Despite this, user sentiment was overwhelmingly negative, with many businesses being forced to shut down for the day and incur massive losses. In addition to Optus suffering an A$2 billion stock loss (more than 5%), rival telecom companies such as Telstra and Vodafone saw an increase in customers due to the mass exodus, with some industry analysts, such as JPMorgan Chase, predicting that Telstra alone could increase their earnings projections by A$125 million over the next few years if even just 2.5% of customers sever their ties with Optus. On 20 November 2023, Bayer Rosmarin resigned as CEO.

== Reactions ==
The outage raised concerns about the move to a cashless society and Australia's over-reliance on internet access.

South Australia's government is reconsidering using Optus as its service provider.

The federal government has called for financial compensation to those affected by the outage. Communications Minister Michelle Rowland announced a review into the matter. The Australian Senate also passed a motion to hold a public Senate inquiry into the outage.
== Causes ==
A Border Gateway Protocol (BGP) routing problem played a role in the outage. Public data from Cloudflare showed a spike in BGP route announcements from the Optus network around the time the outage occurred — over 940,000 announcements in an hour from a node that normally makes less than 3,000 announcements per hour — indicative of a BGP routing problem.

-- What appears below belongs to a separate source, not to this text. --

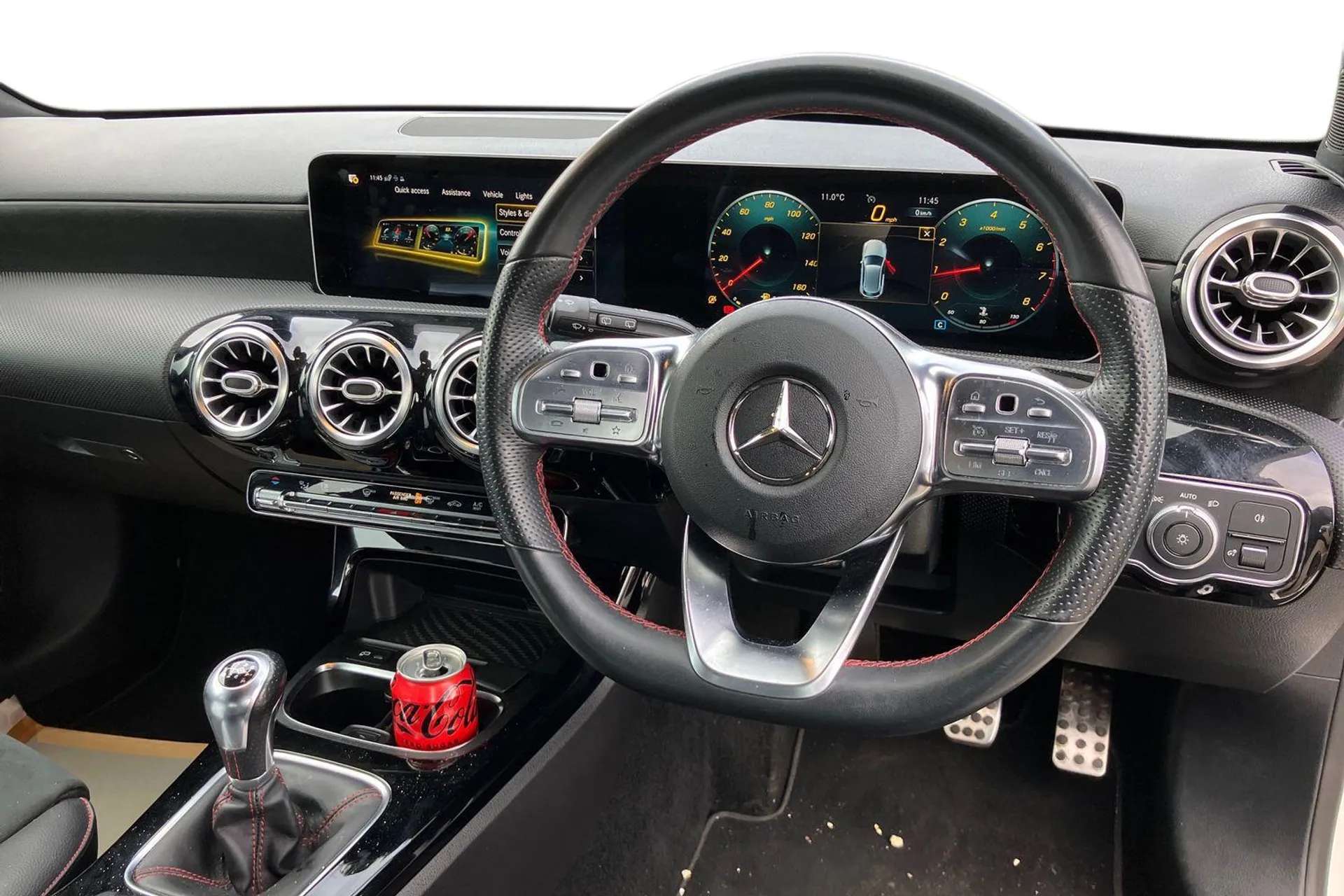 2018 MERCEDES-BENZ A CLASS 2018 MERCEDES-BENZ A CLASS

A submission tabled to the Australian Senate Standing Committee on Environment and Communications committee describes the outage as a gradual event triggered by loss of connectivity between neighbouring computer networks. The report suggests that approximately 90 edge provider routers disconnected as an automated protective measure against routing update overload. The failures occurred following a software upgrade at a North American Singtel exchange that caused one of the routers to disconnect. This, in turn, triggered Optus's routers to rapidly update its own routing tables which triggered the shutdown due to the pre-configured default threshold limits set by Cisco Systems being exceeded. The tabled report and Singtel stressed that the software upgrade was not the cause of the fault.